[[ Given data, beginning ]]

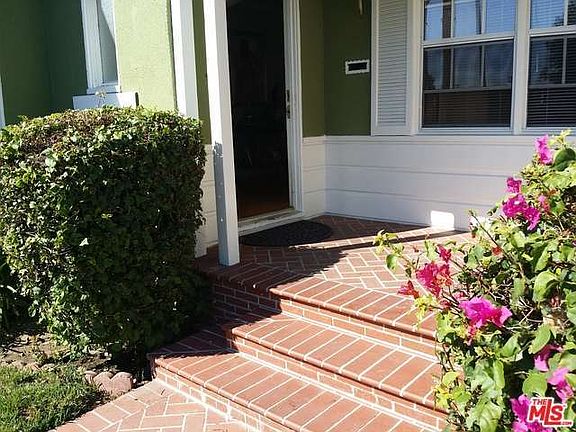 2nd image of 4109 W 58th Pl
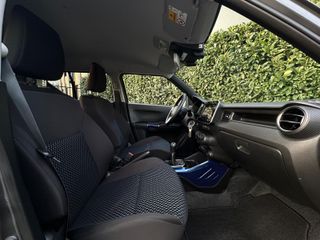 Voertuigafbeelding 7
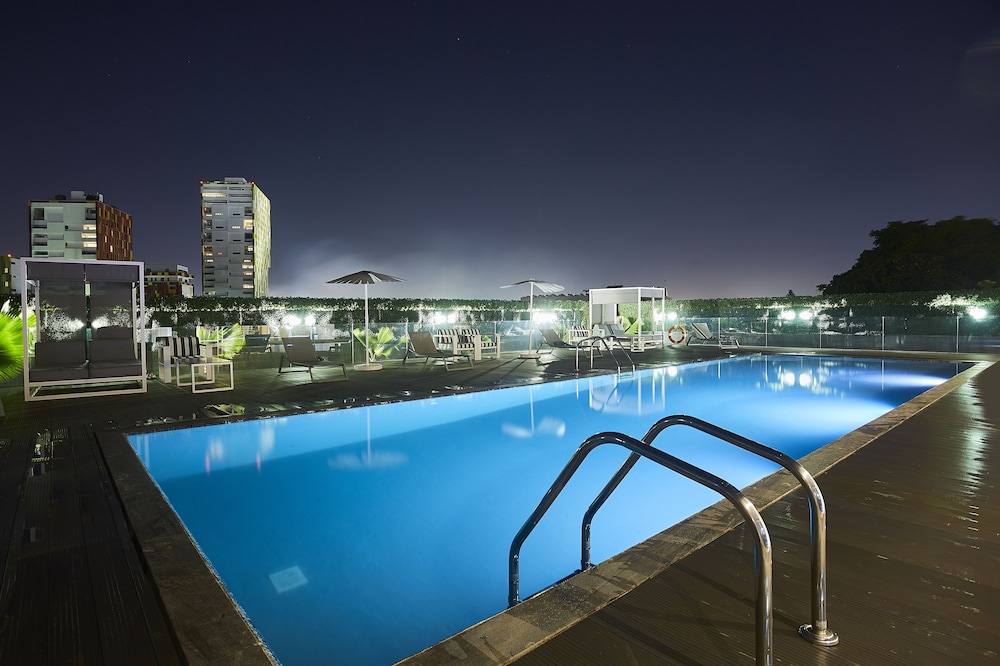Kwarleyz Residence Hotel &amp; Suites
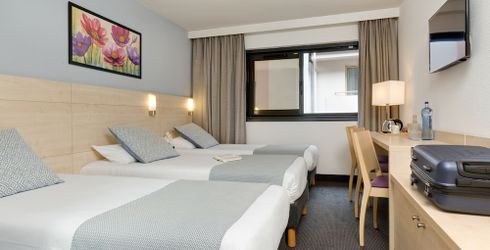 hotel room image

[[ Given data, end ]]
[[ Given data, beginning ]]

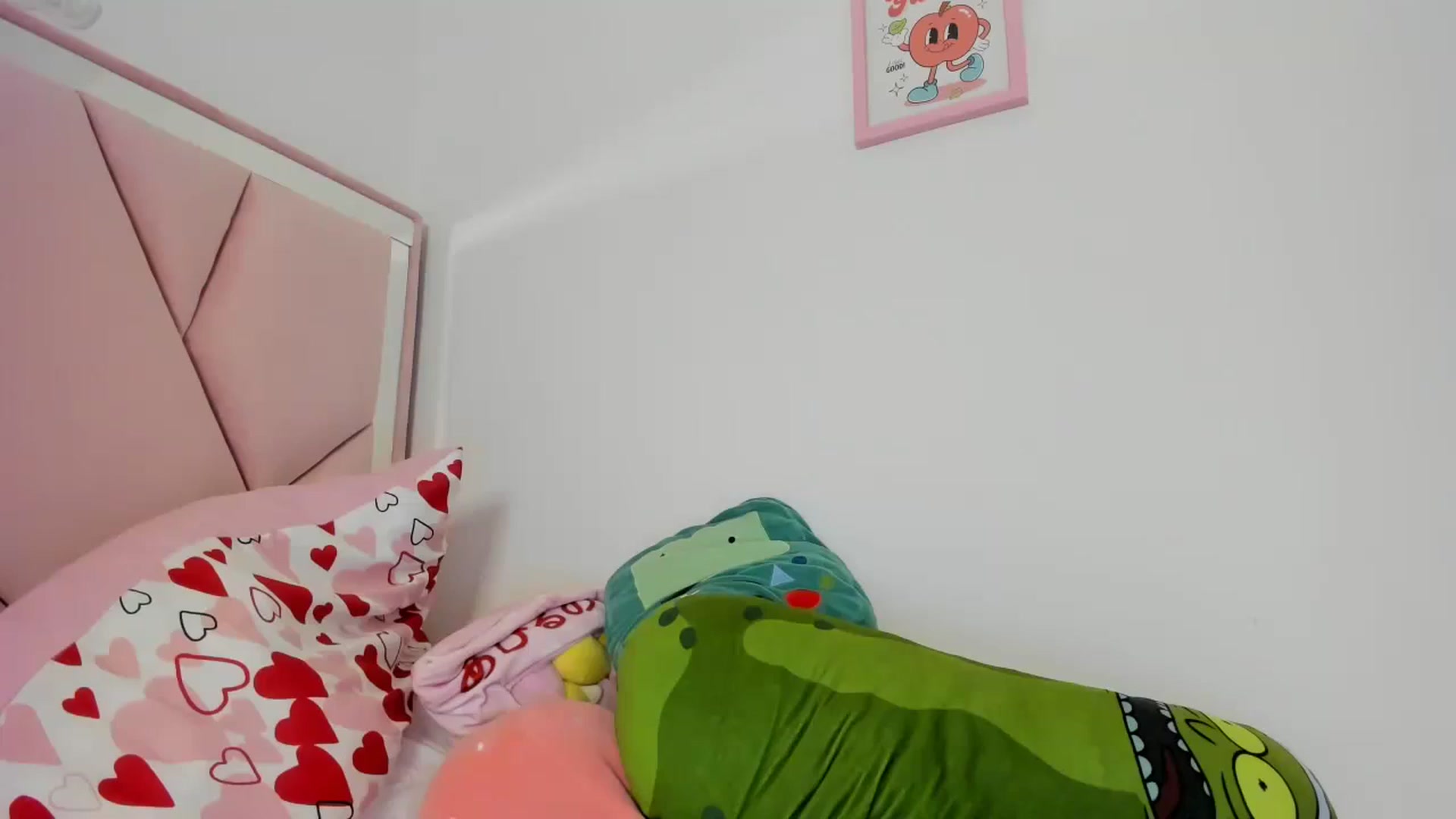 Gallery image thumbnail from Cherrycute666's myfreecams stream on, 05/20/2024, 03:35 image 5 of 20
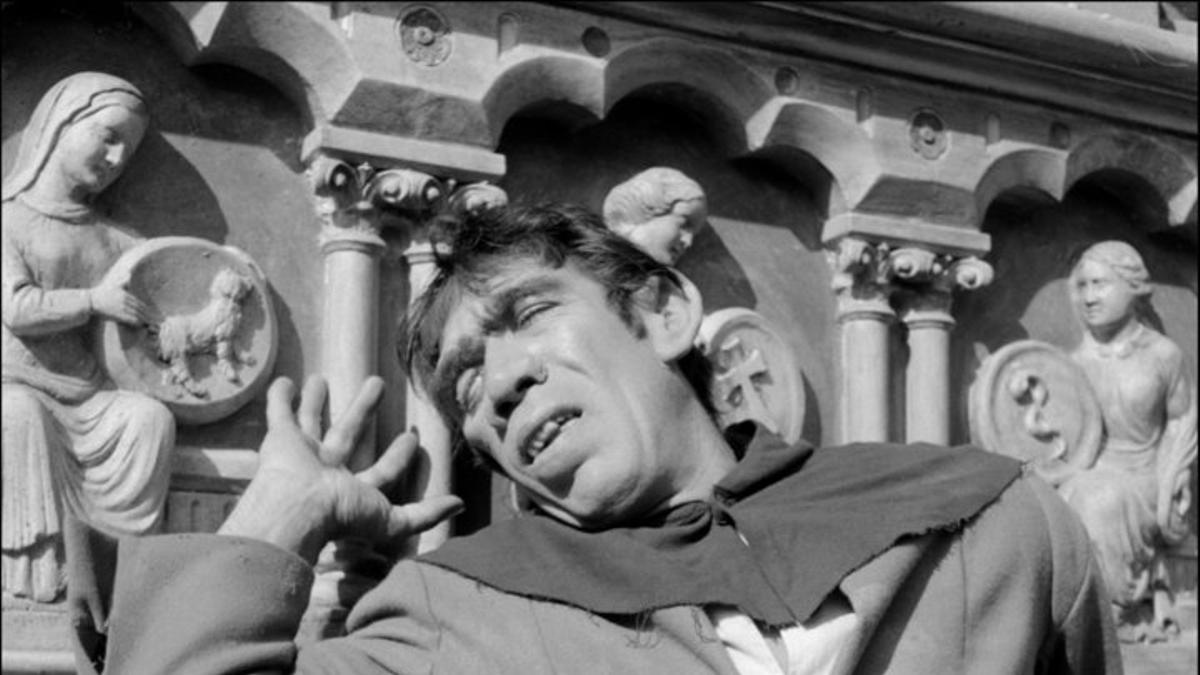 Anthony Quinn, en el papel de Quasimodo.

[[ Given data, end ]]

What needs to be done:
Using the entries above, reproduce word for word only the lines from the one that contains "Voertuigafbeelding 7" to the one that contains "hotel room image", both ends included, and drop every picture.

Reply to the task:
 Voertuigafbeelding 7
Kwarleyz Residence Hotel &amp; Suites
 hotel room image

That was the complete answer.